De allí que, desde Santiago, las amenazas a la “Pax Antárctica” se entiendan a través de las declaraciones vía redes sociales y/o las visitas varias a la más septentrional de nuestras bases.
Se trata de actos efímeros e inconducentes, que no aportan soluciones concretas ni mensurables (en realidad, no persiguen ese tipo de objetivos). A contrario sensu, erosionan la credibilidad del país, pues, entre otras cosas, por décadas nuestra infraestructura antártica languideció ante los ojos de toda la comunidad polar.

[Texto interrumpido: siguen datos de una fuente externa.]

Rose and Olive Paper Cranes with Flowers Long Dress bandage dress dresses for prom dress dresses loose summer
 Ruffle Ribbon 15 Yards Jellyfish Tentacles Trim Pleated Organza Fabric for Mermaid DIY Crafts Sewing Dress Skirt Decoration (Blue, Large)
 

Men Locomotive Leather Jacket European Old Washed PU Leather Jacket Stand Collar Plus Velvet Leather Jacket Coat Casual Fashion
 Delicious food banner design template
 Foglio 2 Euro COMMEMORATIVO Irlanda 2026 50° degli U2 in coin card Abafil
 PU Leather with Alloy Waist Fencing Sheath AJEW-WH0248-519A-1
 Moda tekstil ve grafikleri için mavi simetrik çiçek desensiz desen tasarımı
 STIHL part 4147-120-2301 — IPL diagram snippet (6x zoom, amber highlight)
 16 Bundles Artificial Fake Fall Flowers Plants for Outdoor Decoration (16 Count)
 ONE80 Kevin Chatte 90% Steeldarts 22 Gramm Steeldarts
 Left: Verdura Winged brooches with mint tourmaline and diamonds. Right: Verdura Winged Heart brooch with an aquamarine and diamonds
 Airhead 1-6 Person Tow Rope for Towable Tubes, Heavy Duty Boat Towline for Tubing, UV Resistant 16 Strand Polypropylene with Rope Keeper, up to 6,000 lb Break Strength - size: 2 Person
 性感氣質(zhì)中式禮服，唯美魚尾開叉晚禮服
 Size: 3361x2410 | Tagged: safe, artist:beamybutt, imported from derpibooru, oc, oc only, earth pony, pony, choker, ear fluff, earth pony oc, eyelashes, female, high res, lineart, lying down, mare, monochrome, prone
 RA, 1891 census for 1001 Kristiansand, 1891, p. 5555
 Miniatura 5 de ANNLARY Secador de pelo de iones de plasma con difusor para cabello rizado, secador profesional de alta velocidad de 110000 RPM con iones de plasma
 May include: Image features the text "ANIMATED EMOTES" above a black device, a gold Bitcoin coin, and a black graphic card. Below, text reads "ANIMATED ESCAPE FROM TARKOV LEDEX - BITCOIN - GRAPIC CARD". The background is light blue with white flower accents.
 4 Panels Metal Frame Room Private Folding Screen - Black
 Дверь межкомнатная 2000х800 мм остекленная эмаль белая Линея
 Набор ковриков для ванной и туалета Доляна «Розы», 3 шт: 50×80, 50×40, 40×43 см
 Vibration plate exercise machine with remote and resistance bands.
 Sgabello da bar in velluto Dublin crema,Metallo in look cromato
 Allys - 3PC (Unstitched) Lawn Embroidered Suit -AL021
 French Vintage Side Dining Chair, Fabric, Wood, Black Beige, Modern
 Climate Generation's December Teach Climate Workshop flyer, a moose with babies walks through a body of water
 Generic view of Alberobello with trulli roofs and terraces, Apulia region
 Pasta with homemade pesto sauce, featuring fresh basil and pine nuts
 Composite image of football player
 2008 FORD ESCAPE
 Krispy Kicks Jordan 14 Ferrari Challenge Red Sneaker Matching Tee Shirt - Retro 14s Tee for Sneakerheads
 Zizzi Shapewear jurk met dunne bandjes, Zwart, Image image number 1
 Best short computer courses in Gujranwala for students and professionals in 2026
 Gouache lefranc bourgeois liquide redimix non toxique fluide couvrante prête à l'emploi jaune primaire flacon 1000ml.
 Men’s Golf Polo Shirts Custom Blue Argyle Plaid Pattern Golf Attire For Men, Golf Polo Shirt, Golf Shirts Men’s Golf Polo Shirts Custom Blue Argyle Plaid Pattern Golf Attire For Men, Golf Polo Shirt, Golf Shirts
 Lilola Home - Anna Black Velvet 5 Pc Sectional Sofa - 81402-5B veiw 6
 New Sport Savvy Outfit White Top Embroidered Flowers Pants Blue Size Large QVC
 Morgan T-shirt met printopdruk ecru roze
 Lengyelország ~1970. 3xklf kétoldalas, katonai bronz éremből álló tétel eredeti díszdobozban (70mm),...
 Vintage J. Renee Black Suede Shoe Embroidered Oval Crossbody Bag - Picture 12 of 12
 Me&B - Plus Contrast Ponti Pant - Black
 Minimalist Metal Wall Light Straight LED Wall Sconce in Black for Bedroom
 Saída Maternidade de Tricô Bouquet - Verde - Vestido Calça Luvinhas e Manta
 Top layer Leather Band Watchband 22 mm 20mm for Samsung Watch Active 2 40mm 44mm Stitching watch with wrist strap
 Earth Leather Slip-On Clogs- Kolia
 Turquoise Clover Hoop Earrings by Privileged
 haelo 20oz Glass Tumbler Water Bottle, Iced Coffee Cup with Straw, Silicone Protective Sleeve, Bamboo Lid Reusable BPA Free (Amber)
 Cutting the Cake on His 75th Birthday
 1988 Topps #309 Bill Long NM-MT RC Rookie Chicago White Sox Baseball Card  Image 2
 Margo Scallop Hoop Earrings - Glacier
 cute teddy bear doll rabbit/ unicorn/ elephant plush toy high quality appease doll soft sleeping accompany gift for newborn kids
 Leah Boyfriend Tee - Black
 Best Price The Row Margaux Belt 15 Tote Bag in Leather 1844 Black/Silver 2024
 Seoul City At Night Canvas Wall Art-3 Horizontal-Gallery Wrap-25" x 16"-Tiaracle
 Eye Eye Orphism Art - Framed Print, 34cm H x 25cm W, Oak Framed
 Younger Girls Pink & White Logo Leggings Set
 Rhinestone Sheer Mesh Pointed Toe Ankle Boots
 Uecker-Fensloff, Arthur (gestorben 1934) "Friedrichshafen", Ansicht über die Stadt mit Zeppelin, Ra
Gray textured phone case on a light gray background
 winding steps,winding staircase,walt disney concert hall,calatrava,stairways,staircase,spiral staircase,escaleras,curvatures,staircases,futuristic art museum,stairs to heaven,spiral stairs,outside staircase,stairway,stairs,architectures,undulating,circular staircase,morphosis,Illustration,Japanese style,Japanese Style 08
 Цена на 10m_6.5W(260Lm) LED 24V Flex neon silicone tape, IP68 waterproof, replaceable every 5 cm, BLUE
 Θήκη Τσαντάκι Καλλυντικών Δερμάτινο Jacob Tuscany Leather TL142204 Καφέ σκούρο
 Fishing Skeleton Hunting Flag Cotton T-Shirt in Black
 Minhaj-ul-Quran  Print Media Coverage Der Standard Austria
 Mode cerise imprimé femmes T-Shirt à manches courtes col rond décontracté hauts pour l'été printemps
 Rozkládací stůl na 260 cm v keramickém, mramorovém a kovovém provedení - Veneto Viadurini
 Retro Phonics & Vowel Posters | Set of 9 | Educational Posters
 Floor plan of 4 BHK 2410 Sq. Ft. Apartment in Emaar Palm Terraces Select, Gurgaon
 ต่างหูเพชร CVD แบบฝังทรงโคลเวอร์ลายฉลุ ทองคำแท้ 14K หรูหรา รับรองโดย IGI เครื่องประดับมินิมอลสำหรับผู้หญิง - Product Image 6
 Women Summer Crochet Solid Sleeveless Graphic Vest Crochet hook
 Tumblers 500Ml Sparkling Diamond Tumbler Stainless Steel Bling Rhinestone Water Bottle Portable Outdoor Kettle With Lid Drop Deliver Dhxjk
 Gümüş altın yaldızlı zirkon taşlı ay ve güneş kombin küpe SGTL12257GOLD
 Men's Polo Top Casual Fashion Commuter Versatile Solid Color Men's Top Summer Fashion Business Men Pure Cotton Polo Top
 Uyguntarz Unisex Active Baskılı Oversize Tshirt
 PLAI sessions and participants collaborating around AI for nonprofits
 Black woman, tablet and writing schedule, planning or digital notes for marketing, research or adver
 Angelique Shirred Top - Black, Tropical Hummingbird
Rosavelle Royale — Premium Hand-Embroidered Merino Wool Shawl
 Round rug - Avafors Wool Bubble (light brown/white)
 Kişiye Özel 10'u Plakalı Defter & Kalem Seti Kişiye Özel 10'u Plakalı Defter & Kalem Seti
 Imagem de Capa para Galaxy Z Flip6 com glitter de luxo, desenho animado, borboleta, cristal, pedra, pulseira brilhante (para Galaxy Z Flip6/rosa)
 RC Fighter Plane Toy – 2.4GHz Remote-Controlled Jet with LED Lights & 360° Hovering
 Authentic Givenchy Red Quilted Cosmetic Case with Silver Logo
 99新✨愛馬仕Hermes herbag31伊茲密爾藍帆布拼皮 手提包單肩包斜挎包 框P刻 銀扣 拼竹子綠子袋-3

Sobre “visitas” y otras cosas
A menos que exista un plan de nueva infraestructura antártica definido y financiado, y un programa científico acotado al estricto interés del país (que defienda y potencie nuestras “actividades económicas permitidas”), ninguna visita a las Shetland del Sur o al Polo Sur (en el cual desde 1957 existe una enorme instalación norteamericana) aportará a la defensa de la Antártica. Más “visitas” sin objeto preciso y material (ergo, “nada más que visitas”) seguirán debilitando la posición del país en el complicadísimo póker antártico del siglo XXI.
La insistencia en transformar a la Antártica en un lugar cerrado solo puede terminar de convencer a ciertos países que, ante ese escenario, el Sistema del Tratado de 1959 ya no refleja sus intereses. Este es el problema de fondo. El supuesto hallazgo de hidrocarburos en un área que podría corresponder a la Antártica Chilena nos exige actos de realismo. No hay más espacio para el voluntarismo y la miopía diplomática y/o política.
Sin un anunció concreto (por ejemplo, una base permanente en el sector chileno del Mar de Weddell), o la dedicación exclusiva del nuevo rompehielos (la mejor noticia antártica de las última décadas) a la determinación de los límites de nuestra soberanía sobre los recursos naturales submarinos al sur del cabo de Hornos, cualquier nueva visita a la Antártica es intrascendente.
Nuestras actividades antárticas no pueden tener como referente el libro de récords de Guinness (el primero en hacer cualquier cosa en la Antártica), pues el horizonte, el sentido y la finalidad de las mismas -estatales y/o privadas- están prescritas en la ley: “fortalecer los derechos soberanos antárticos de Chile”.
Todo lo demás es irrelevante, y debilita tanto nuestros derechos soberanos, como nuestra capacidad para mantener a la Antártica como un área de cooperación política (antes que científica), en la que también son posibles actividades económicas reguladas por consenso, realismo y buena fe. Insistir en el buenismo internacionalista vacuo no resuelve nada. Por el contrario, debilita nuestra condición de potencia antártica.